The two stars may be proving their talents at an early stage, but that doesn’t change the fact that this has all been done before. I’m not saying the movies are identical, but the changes are – in my opinion – mostly either insignificant or detrimental. There is an overall feeling of watering-down about the production too. Firstly the relationship between the two of them is developed a bit too fast, with barely enough substance to make the whole thing hold together; and it takes a different turn to the original because they strip out a key twist – integral to the dark, disturbing nature of the material. This more conventional approach was clearly more palatable for US audiences, but I don’t think it was necessary – it removes an interesting, original extra dimension and replaces it with a standard Hollywood plot-line.
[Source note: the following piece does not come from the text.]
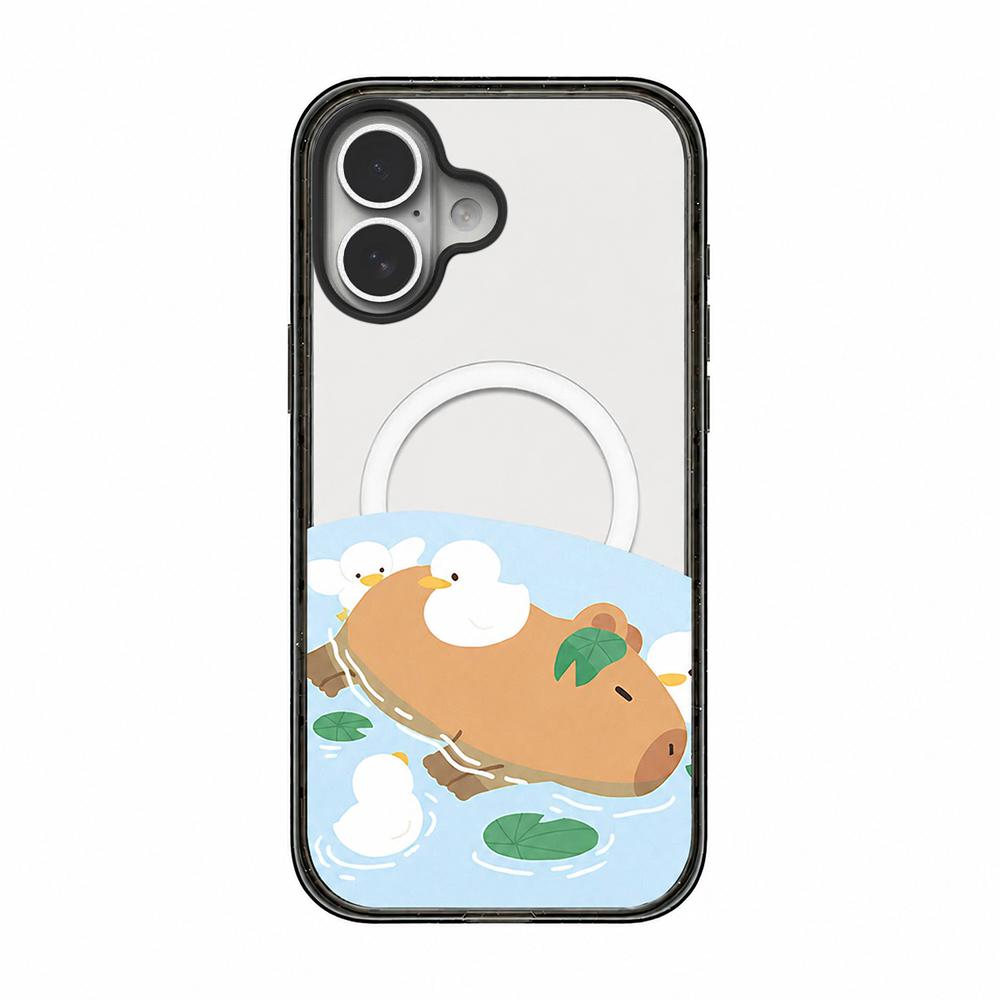 For iPhone 17 Cute Capybara Cartoon Print Magnetic Acrylic TPU Phone Case - Pond Capybara Ducklings - EDA009702803A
But the rest of the plot twists, and the already unusual narrative, are still enough to keep you intrigued with this mystery horror with or without that particular depraved twist. In fact, almost everything is done professionally in this remake – there’s nothing wrong with it whatsoever, it’s just wrong that it even exists in the first place. If you want to get into quibbles then, honestly, the CG segments (which obviously weren’t in the original) are absolutely horrendous, reminiscent of the terrible CG UV-lamp sequence in Blade II. They really didn’t need them, because the original film worked perfectly well – if not better – with the more restrained suggestion of what was taking place, rather than an effects-driven outburst. But, on the flip-side, there is one, new, expertly-shot car crash which really does make you stand up and take notice. All in all, though, Let Me In may not detract too much from the original, may have the same scenes, same setting, and same unusual story (it doesn’t feel quite as bleak, brutal or shocking); but it also doesn’t add anything whatsoever to what was already a great horror movie. Which is the real problem. If Let the Right One In never existed in the first place, Let Me In would be a high 8/10, maybe even a 9 just for its unusual story (which is the score that I’d give the original). But, I can’t help mark it down for being such a flagrant, diluted, and unnecessary rip-off.
In the words of the original movie’s director: “Remakes should be made of movies that aren’t very good – that gives you the chance to fix whatever has gone wrong. I’m very proud of my movie and I think it’s great, but the Americans might have another opinion.” That just about sums it up.